Exactly the lines from the one with "a O'Harová (zleva)" through the final line of the listing below should appear in the answer, and no others.

------ GIVEN DATA

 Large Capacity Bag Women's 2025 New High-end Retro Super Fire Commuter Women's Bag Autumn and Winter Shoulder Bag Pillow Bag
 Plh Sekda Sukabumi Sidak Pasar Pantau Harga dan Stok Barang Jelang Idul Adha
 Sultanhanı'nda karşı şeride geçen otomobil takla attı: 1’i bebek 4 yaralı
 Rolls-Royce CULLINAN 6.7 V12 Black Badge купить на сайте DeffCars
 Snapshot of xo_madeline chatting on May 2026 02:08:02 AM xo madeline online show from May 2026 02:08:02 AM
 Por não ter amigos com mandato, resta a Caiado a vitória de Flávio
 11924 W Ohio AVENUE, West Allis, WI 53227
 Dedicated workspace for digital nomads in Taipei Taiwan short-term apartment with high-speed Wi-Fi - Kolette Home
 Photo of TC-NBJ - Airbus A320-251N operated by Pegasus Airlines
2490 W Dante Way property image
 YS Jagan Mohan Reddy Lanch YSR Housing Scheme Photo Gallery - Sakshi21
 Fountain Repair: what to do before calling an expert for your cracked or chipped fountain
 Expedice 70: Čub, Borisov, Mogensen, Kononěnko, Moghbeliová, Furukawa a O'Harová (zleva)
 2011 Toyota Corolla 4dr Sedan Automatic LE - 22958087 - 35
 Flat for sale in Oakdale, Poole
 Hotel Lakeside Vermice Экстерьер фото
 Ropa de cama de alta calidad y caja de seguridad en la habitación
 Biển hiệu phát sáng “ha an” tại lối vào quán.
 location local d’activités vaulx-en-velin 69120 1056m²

------------

WRITTEN RESPONSE
 Expedice 70: Čub, Borisov, Mogensen, Kononěnko, Moghbeliová, Furukawa a O'Harová (zleva)
 2011 Toyota Corolla 4dr Sedan Automatic LE - 22958087 - 35
 Flat for sale in Oakdale, Poole
 Hotel Lakeside Vermice Экстерьер фото
 Ropa de cama de alta calidad y caja de seguridad en la habitación
 Biển hiệu phát sáng “ha an” tại lối vào quán.
 location local d’activités vaulx-en-velin 69120 1056m²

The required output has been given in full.